経験のないところから始め、学び、挑戦し、品質を高め、ついにはBest of Parainemaで16位入賞という結果を残した。
その歩みそのものが、コーヒーを通じて未来を切り開いていく姿を物語っています。
カフェテナンゴがこうしたコーヒーをご紹介したいのは、味が素晴らしいからだけではありません。
その背景にある人の努力や、土地の物語までも含めて、コーヒーの価値だと考えているからです。
私たちは、単に『入賞豆』を売りたいわけではありません。
その一杯の向こうにある、山の景色、農園で働く人の手、積み重ねてきた挑戦、そして未来への希望。すべてを届けたい。

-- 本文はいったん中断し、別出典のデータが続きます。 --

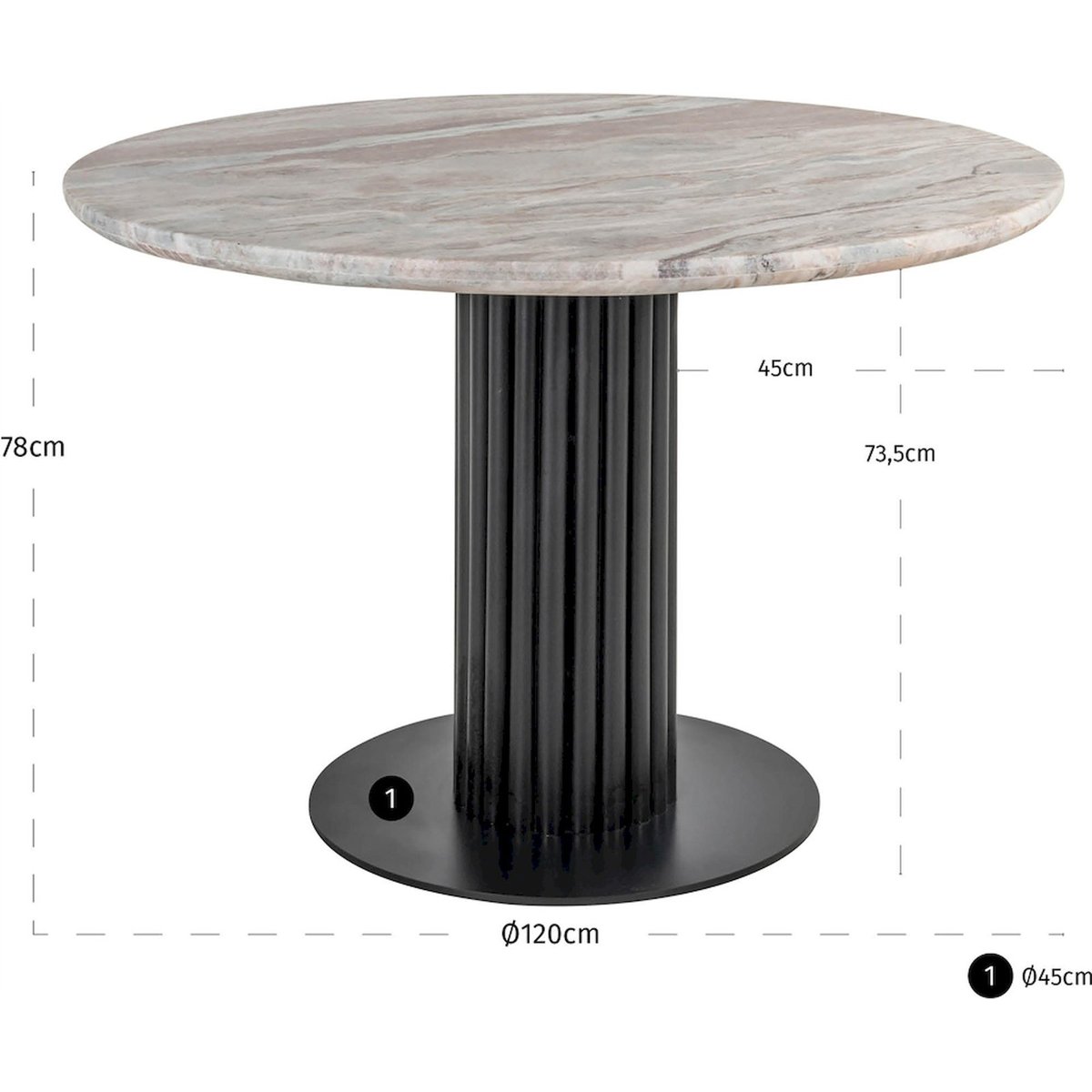 Table ronde en marbre et bois Nyon beige marbré et bois foncé, RECOLLECTION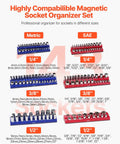 Top Tier Magnetic Socket Organizer Set Featuring Six Heavy Duty Holder Trays with metric and SAE sizes for 143 standard sockets.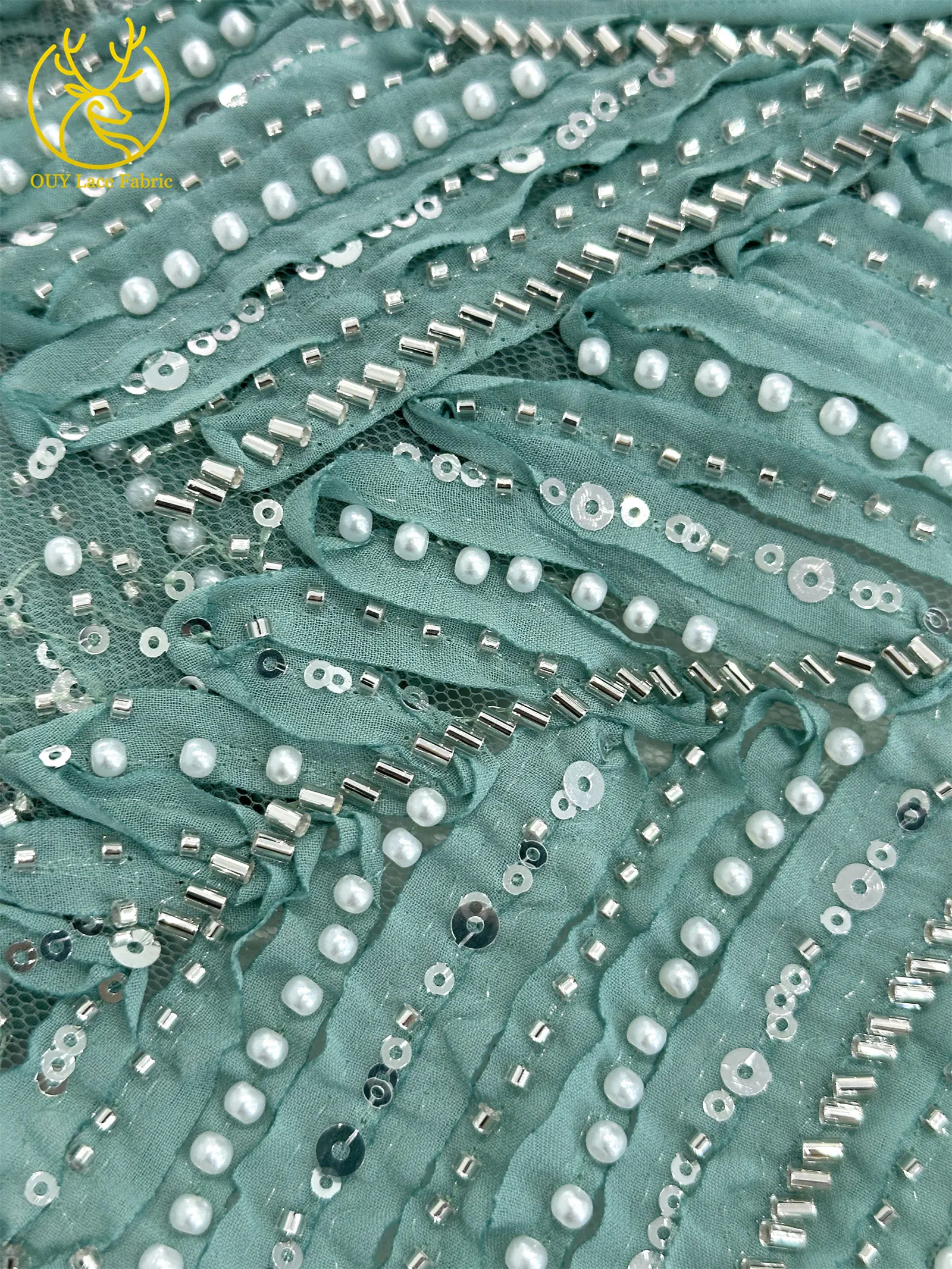 3D Mode Nigerianischer Mesh-Tüll-Spitzenstoff 2026 Französischer Handgefertigter Perlen-Pailletten-Spitzenstoff für Damen Party Hochzeitskleid Nähen – Detail 23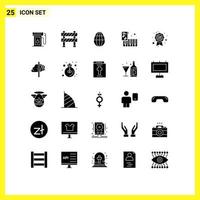 uppsättning av 25 modern ui ikoner symboler tecken för kvalitet bäst kvalitet under konstruktion musik dragspel redigerbar vektor design element
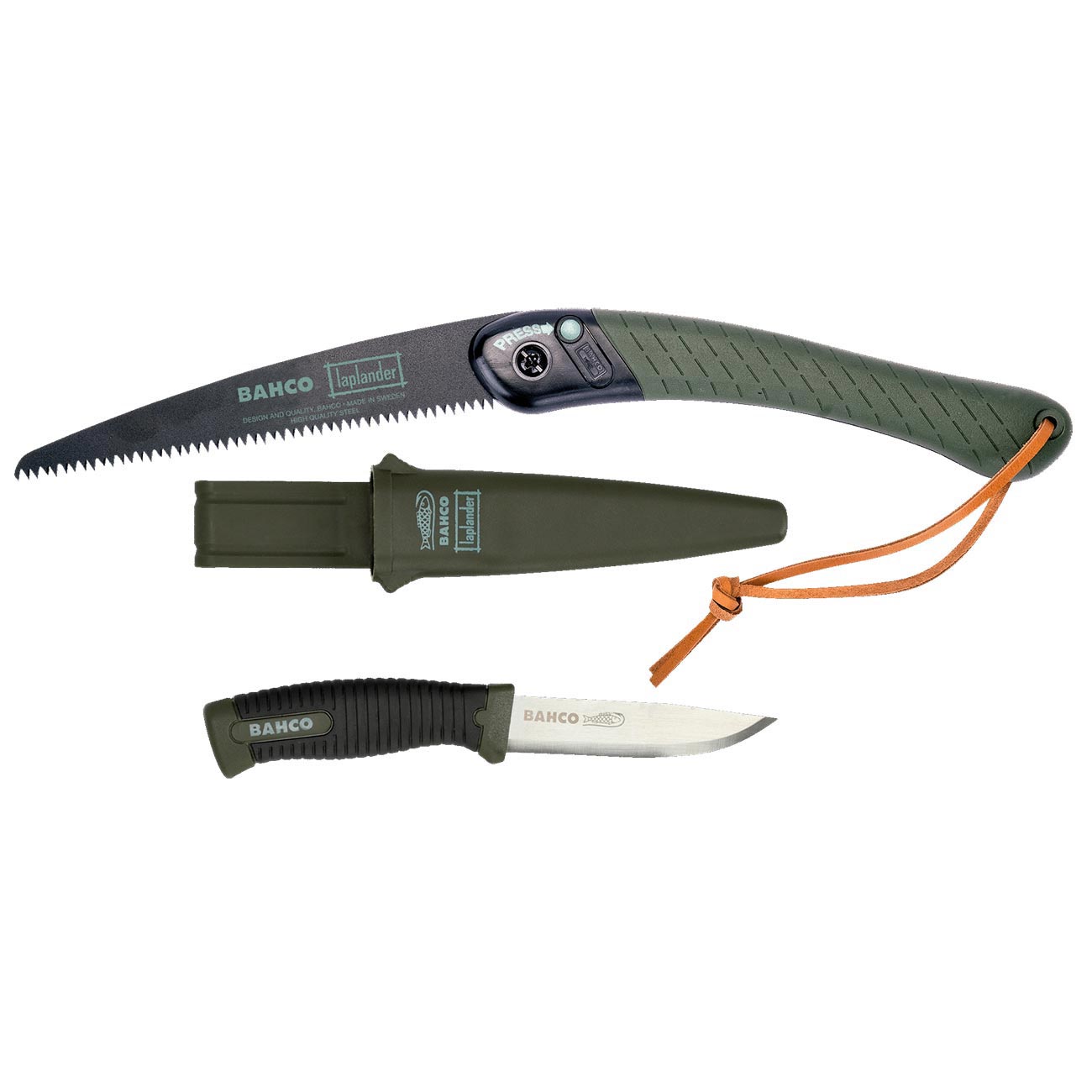 Bahco Foldable Saw and Knife Laplander Set with Dual-Component Handle  (2-Piece)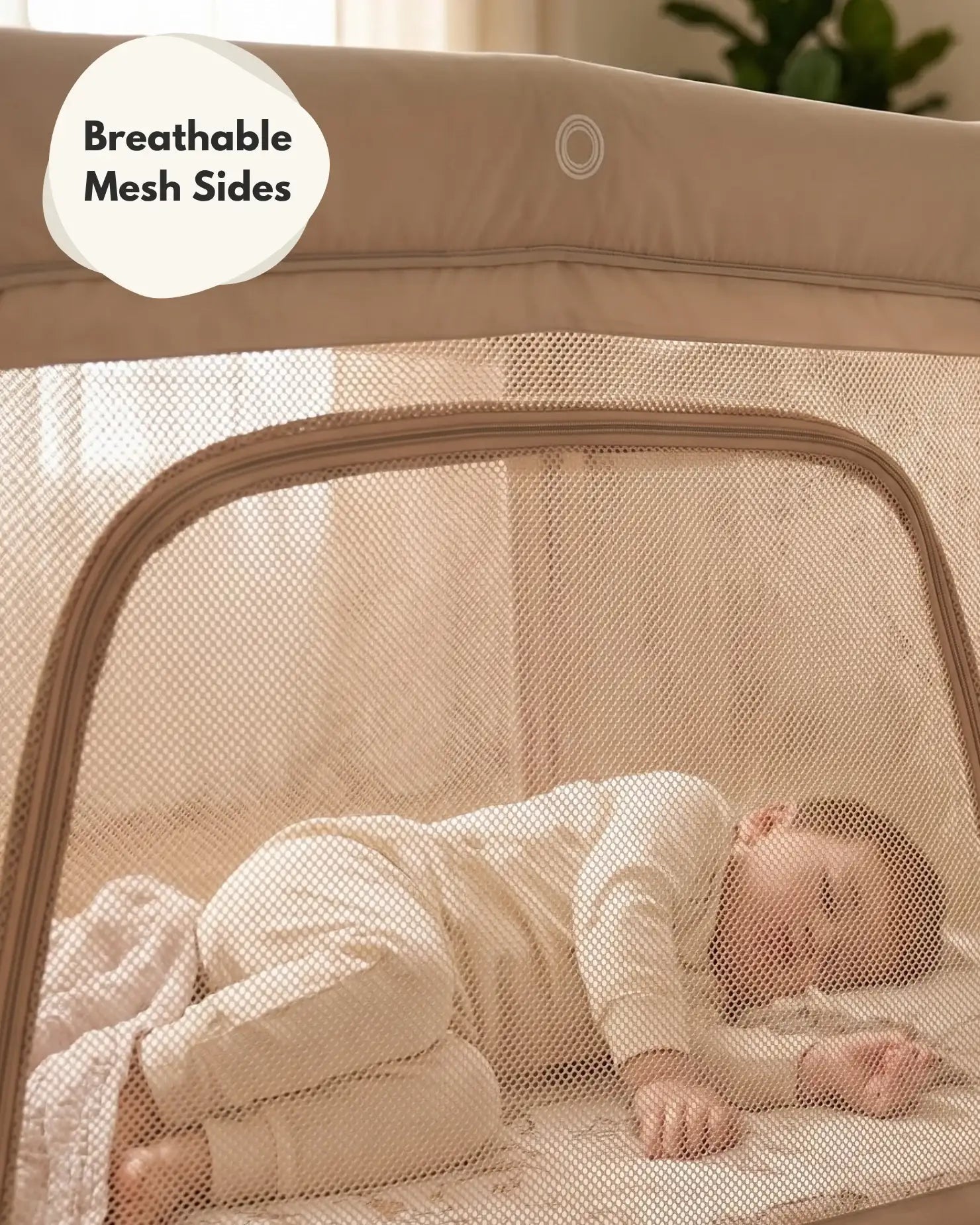 Airpod 3 Travel Cot Includes Newborn Bassinet Insert - Beige - Travel Cot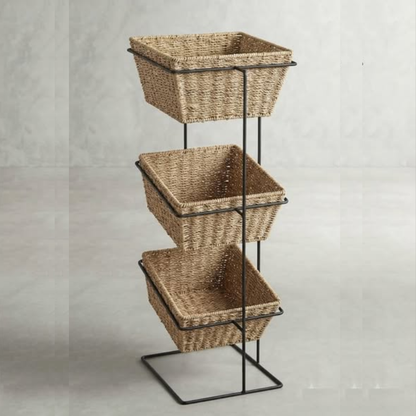 3-Tier Woven Basket Floor Rack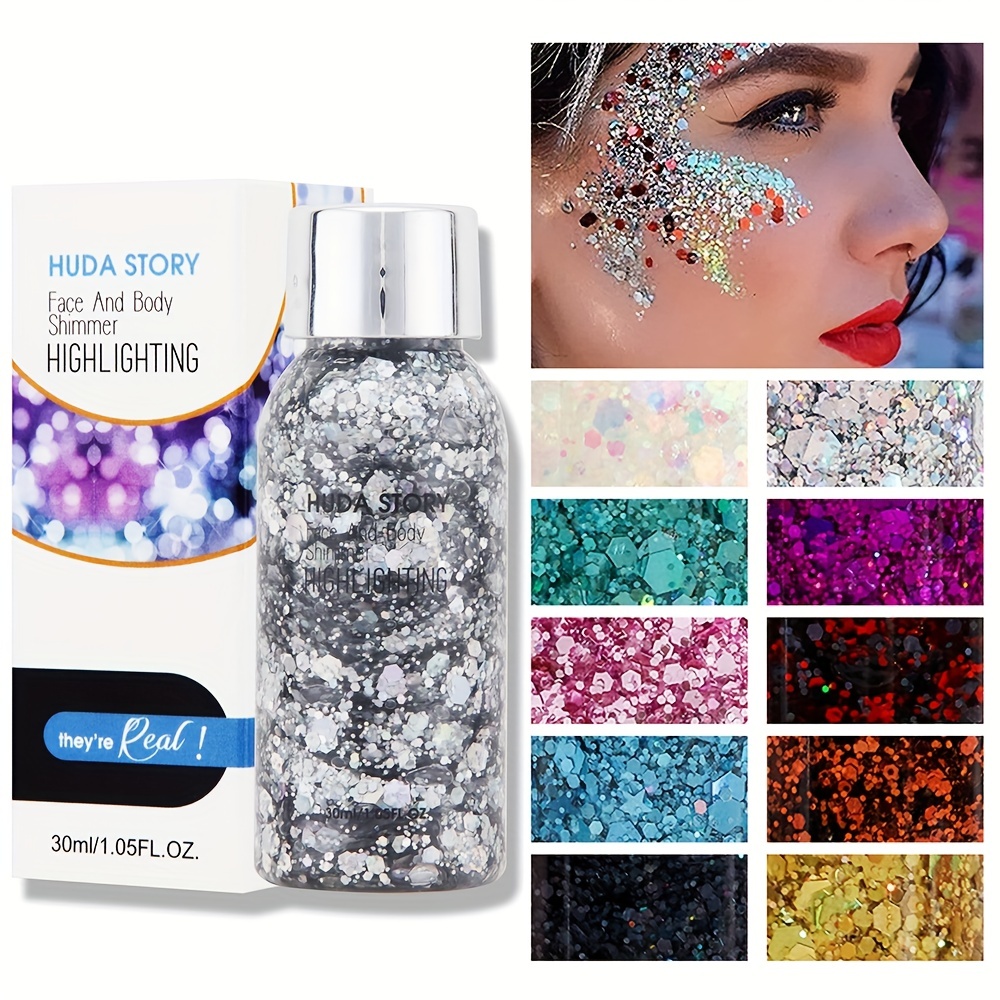 10ml Body Face Glue Gel Glitter Temporary Tattoo Hypoallergenic Makeup with  Brush Halloween Party Highlighter Diamond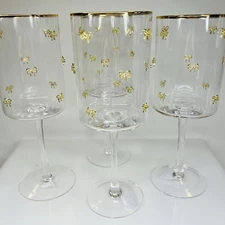 Christmas Wine Glasses Gold Bow Rhinestone Jeweled Elegant Cocktail Bar Set of 4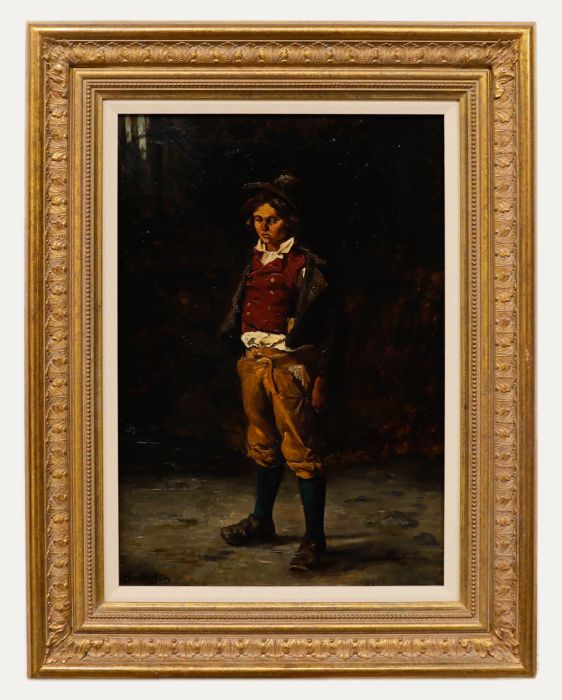 B. A. Pashton - 19th Century Oil, Boy in the Red Waistcoat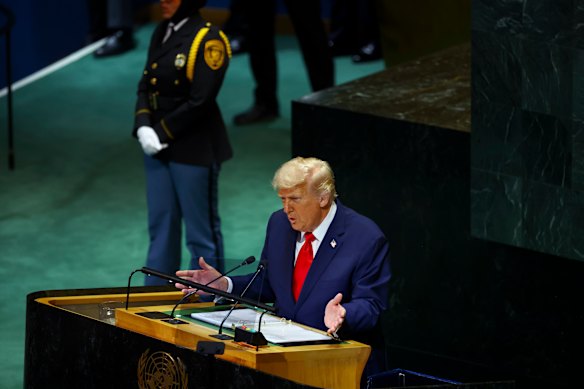 US President Donald Trump addressing the United Nations, where he warned the world - particularly Europe - that their countries were “going to hell”.
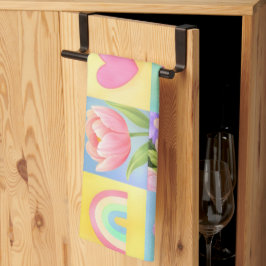Farbenfrohes Trend Floral Schachbrettmuster Geschirrtuch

カフェテナンゴが目指しているのは、そういうコーヒー屋です。
一杯の向こうにある物語を届けるために
エル・ミラドールのコーヒーを飲むとき、ぜひ思い浮かべてみてください。
ユスカランの山あいで、経験のないところから始まった一人の生産者の挑戦を。家族の支えと学びを力に、少しずつ品質を磨き、ついにコンペティションの舞台で評価されるまでに至ったその歩みを。
コーヒーの裏には、いつも物語があります。
そして、その物語を知った一杯は、きっと少しだけ深く、美味しく感じられるはずです。
カフェテナンゴはこれからもそんな物語のあるコーヒーを皆様に届けていきます。